I have 4 gpus that I want to run Qwen2 VL models.
model_name="Qwen/Qwen2-VL-2B-Instruct"
model = Qwen2VLForConditionalGeneration.from_pretrained(
model_name, torch_dtype="auto", device_map="auto"
)
processor = AutoProcessor.from_pretrained(model_name)
messages = [
{
"role": "user",
"content": [
{
"type": "image",
"image": file
},
{
"type": "text",
"text": """Describe the image"""
}
]
}
]
text = processor.apply_chat_template(
messages, tokenize=False, add_generation_prompt=True)
image_inputs, video_inputs = process_vision_info(messages)
inputs = processor(
text=[text],
images=image_inputs,
videos=video_inputs,
padding=True,
return_tensors="pt",
)
with torch.no_grad():
generated_ids = model.generate(**inputs, max_new_tokens=128)
but I always get:
../aten/src/ATen/native/cuda/IndexKernel.cu:92: operator(): block: [36,0,0], thread: [32,0,0] Assertion `-sizes[i] <= index && index < sizes[i] && "index out of bounds"` failed.

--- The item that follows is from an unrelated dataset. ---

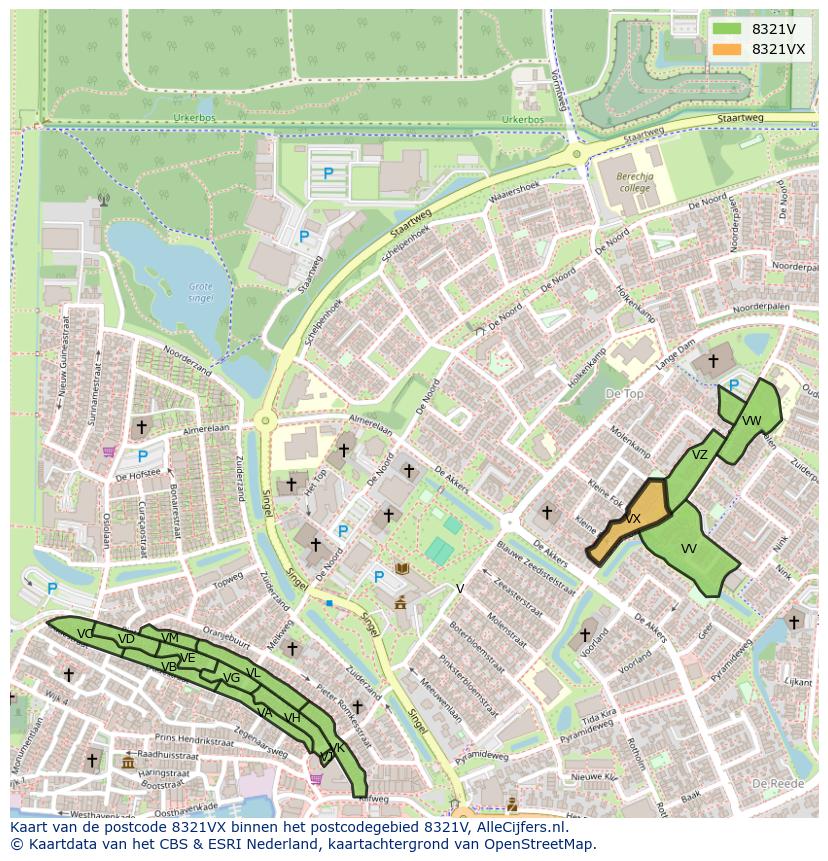 Afbeelding van het postcodegebied 8321 VX op de kaart.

../aten/src/ATen/native/cuda/IndexKernel.cu:92: operator(): block: [36,0,0], thread: [33,0,0] Assertion `-sizes[i] <= index && index < sizes[i] && "index out of bounds"` failed.
../aten/src/ATen/native/cuda/IndexKernel.cu:92: operator(): block: [36,0,0], thread: [34,0,0] Assertion `-sizes[i]
[many more ...]
device-side assert triggered
Compile with `TORCH_USE_CUDA_DSA` to enable device-side assertions
I tried running my python script using CUDA_LAUNCH_BLOCKING=1 python script.py
but it didnt work either.
my transformers and pytorch versions are:
transformers==4.45.0.dev0
torch==2.4.0
Anyone knows how to fix?